| EXERCISE DETAILS |
The answer is to consist only of an exact retyping of the lines from the one containing "a wooden kitchen" to the end of the entries, without pictures.

| TASK INPUT |

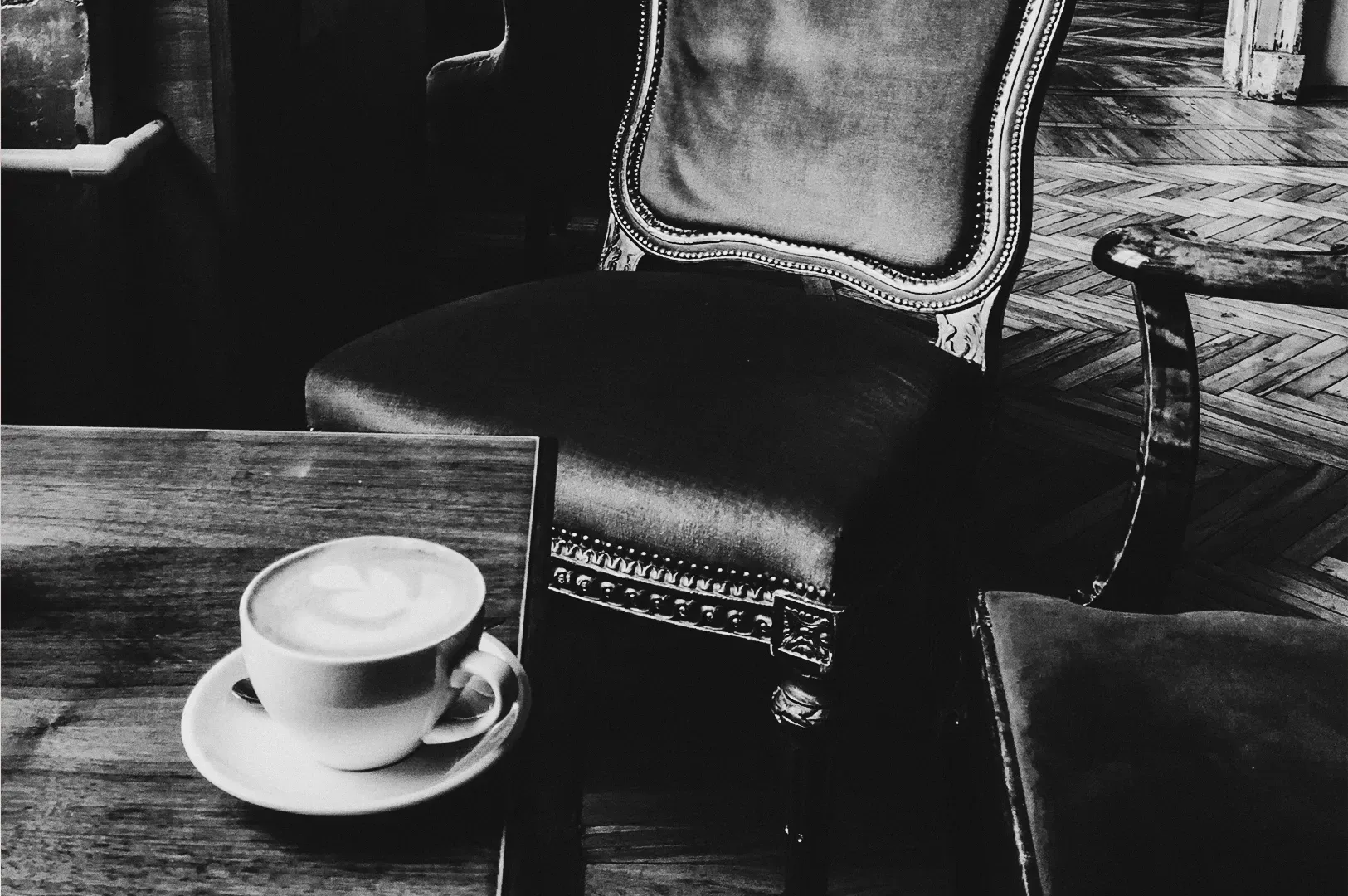 Black‑and‑white café interior with a cappuccino on a wooden table beside an empty upholstered chair with carved details, photographed from a seated eye‑level angle, evoking European coffeehouse culture and the concept of the “third place.”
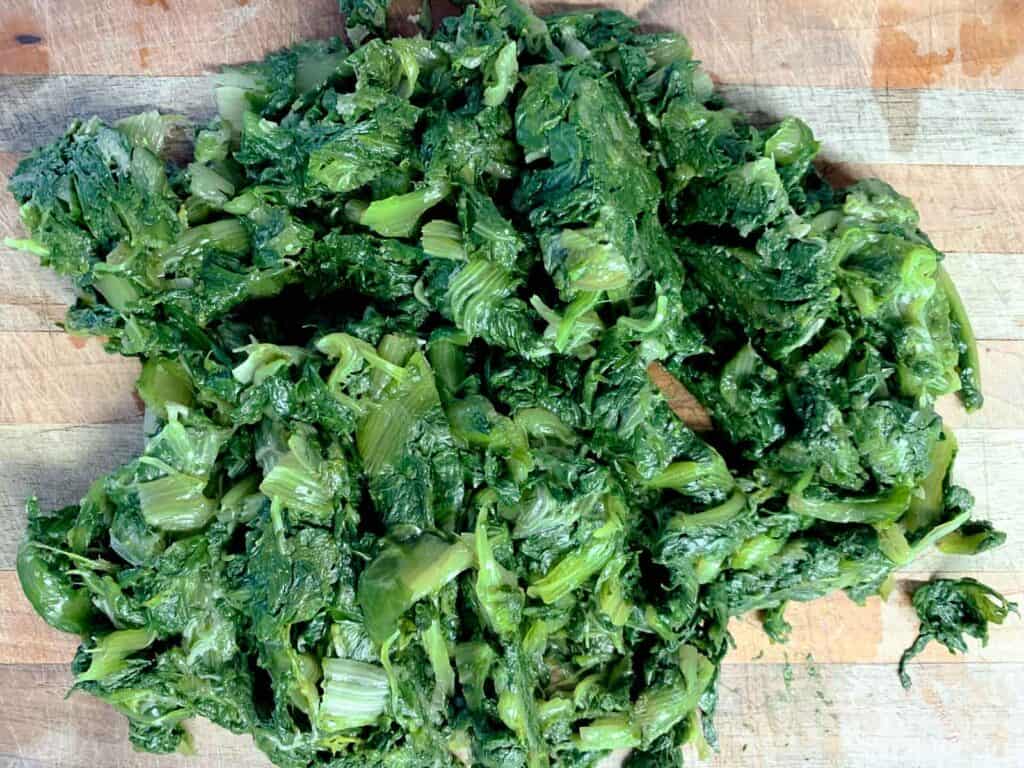 cooked escarole on wooden board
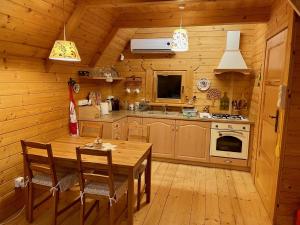 a wooden kitchen with a table and chairs in a cabin at ZŁOTEK in Złoty Stok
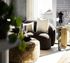 Elegant living room with a modern curved sofa, plush pillows, and a stylish ottoman in front of a bright window, featuring chic decor and contemporary art.
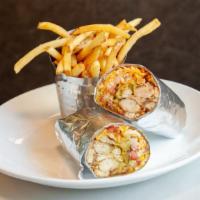 Grilled Crunch Wrap · Grilled chicken, guacamole, crispy onion rings, tortilla strips, tomato, Monterrey Jack chee...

| RESPONSE TO THE TASK |
 a wooden kitchen with a table and chairs in a cabin at ZŁOTEK in Złoty Stok
 Elegant living room with a modern curved sofa, plush pillows, and a stylish ottoman in front of a bright window, featuring chic decor and contemporary art.
 Grilled Crunch Wrap · Grilled chicken, guacamole, crispy onion rings, tortilla strips, tomato, Monterrey Jack chee...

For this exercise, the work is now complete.